A word-for-word copy of all entries is required, without images.

════

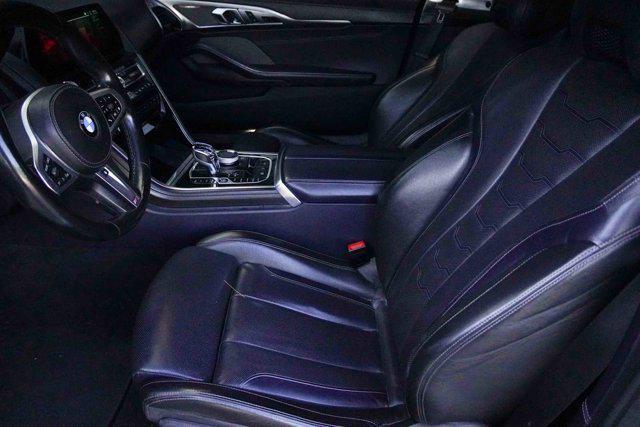 used 2022 BMW M850 car, priced at $69,319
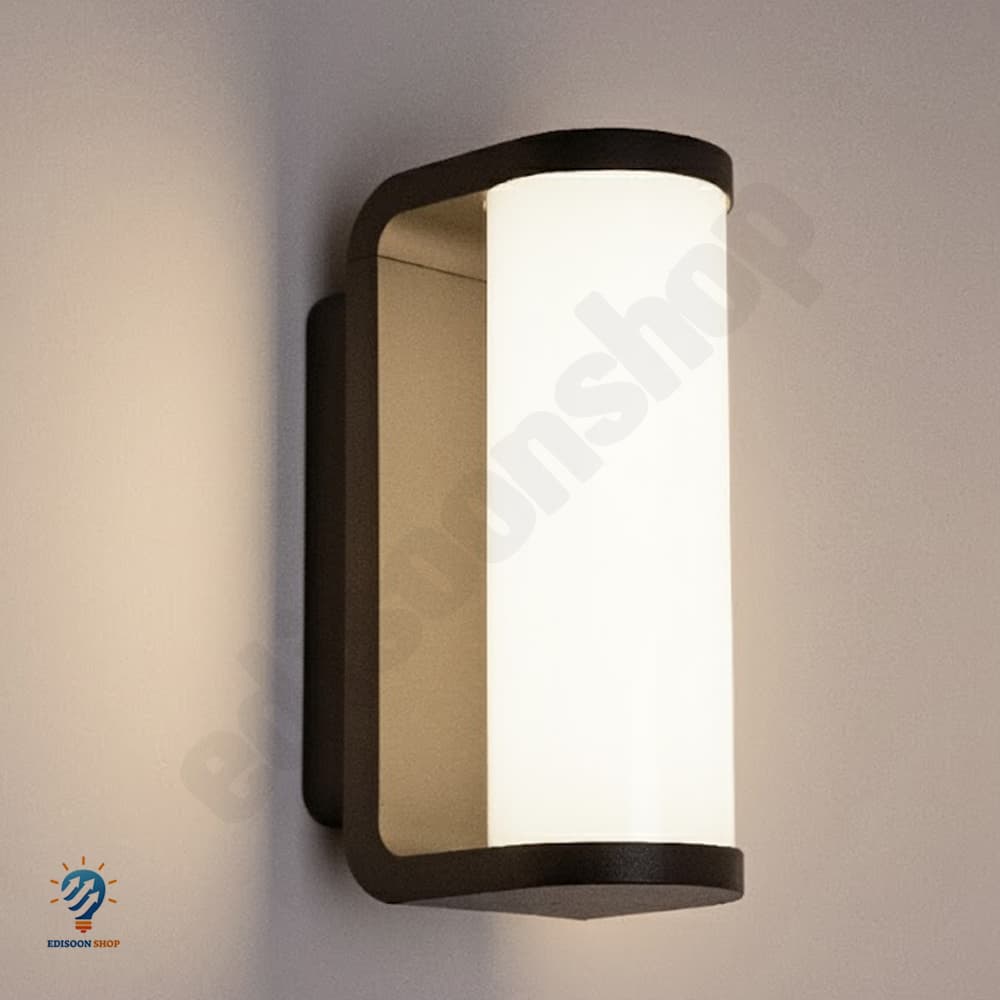 چراغ دیواری شعاع SH-2067-16W – توان 16 وات — تصویر ۲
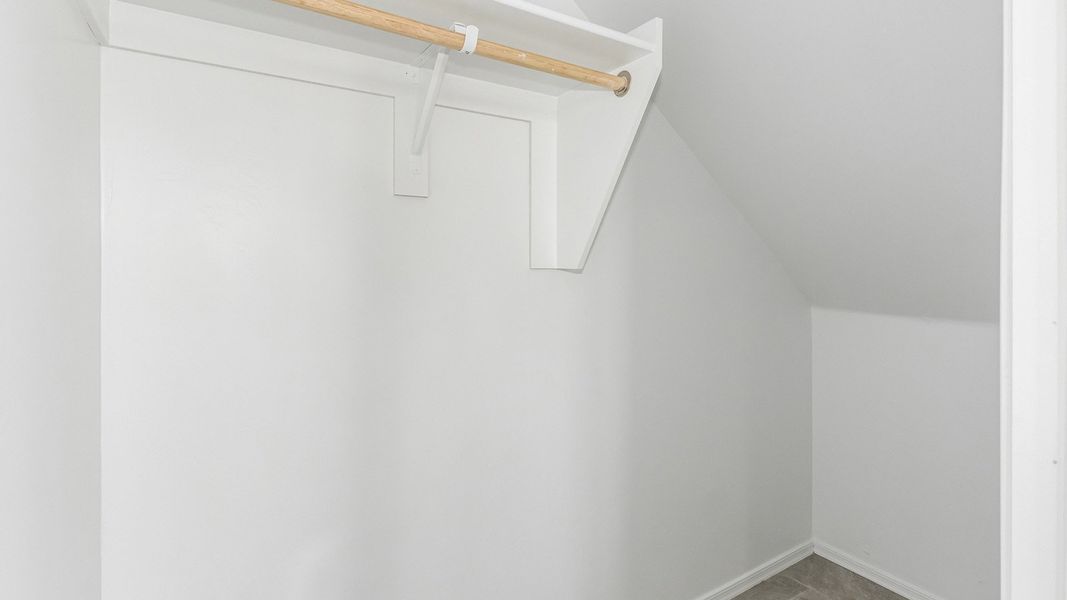 Spacious, unfurnished interior of a new home in Blackhawk, Tucson (Image 32).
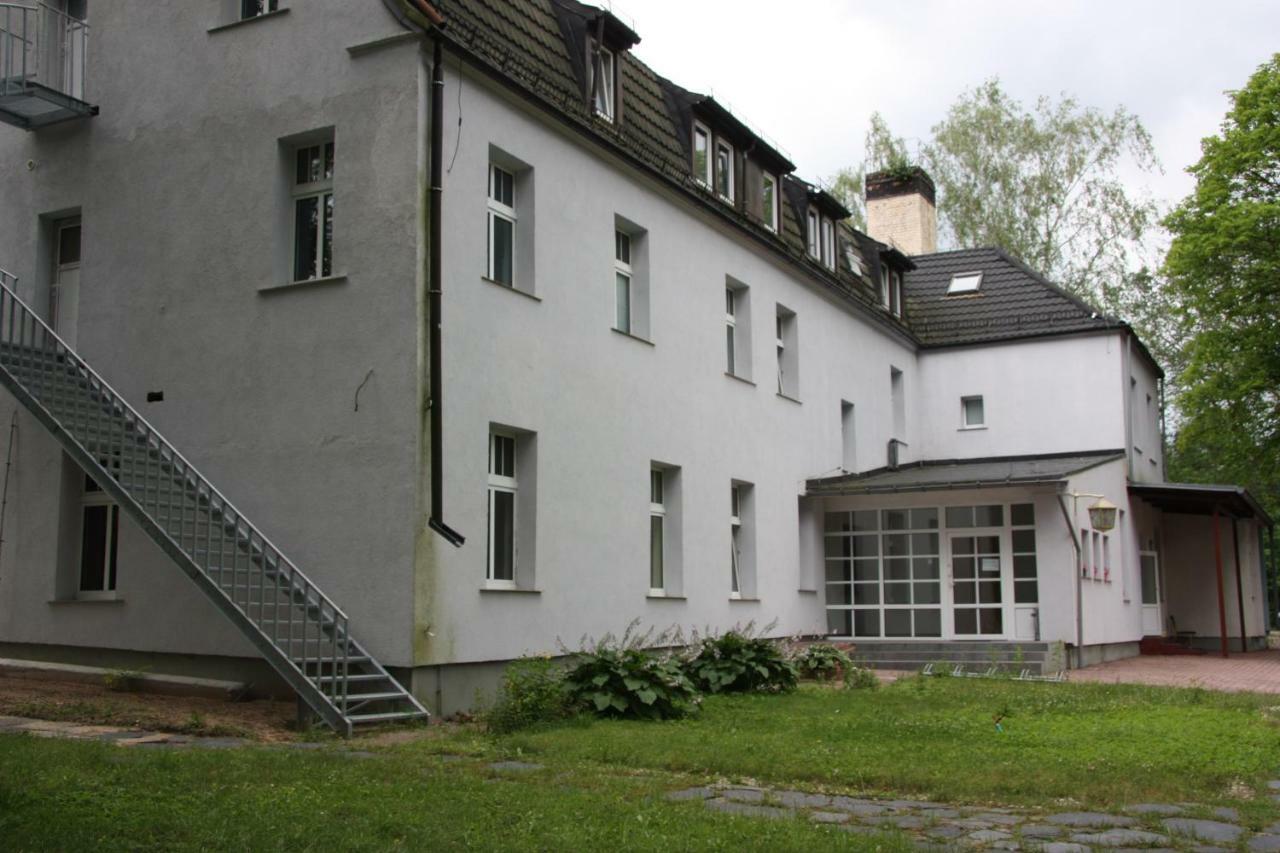 Hotel Am Fluss Heidesee Εξωτερικό φωτογραφία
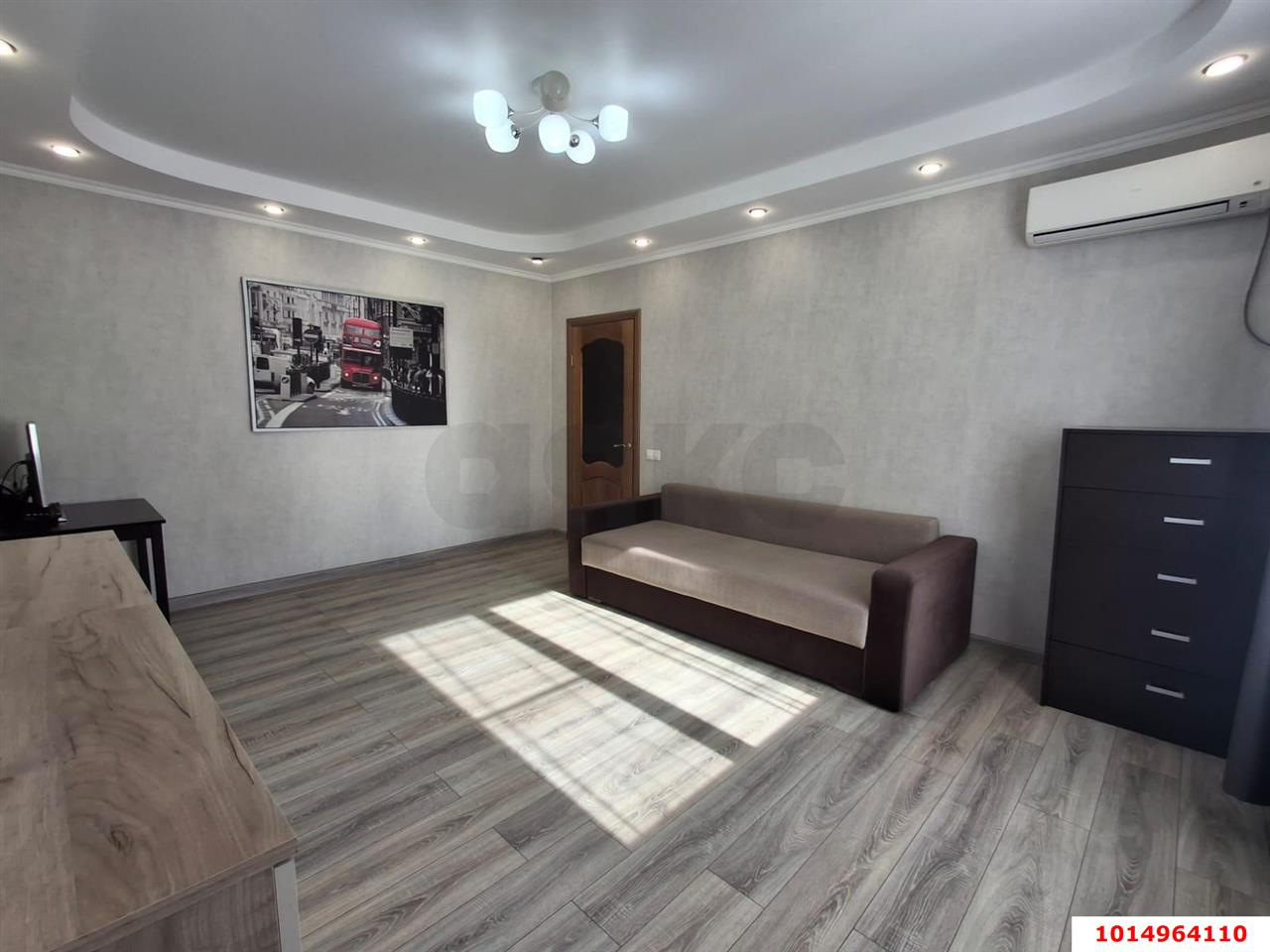 Фото №4: 2-комнатная квартира 60 м² - Краснодар, Музыкальный, ул. Московская, 126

════

» **Exercise result**
 used 2022 BMW M850 car, priced at $69,319
 چراغ دیواری شعاع SH-2067-16W – توان 16 وات — تصویر ۲
 Spacious, unfurnished interior of a new home in Blackhawk, Tucson (Image 32).
 Hotel Am Fluss Heidesee Εξωτερικό φωτογραφία
 Фото №4: 2-комнатная квартира 60 м² - Краснодар, Музыкальный, ул. Московская, 126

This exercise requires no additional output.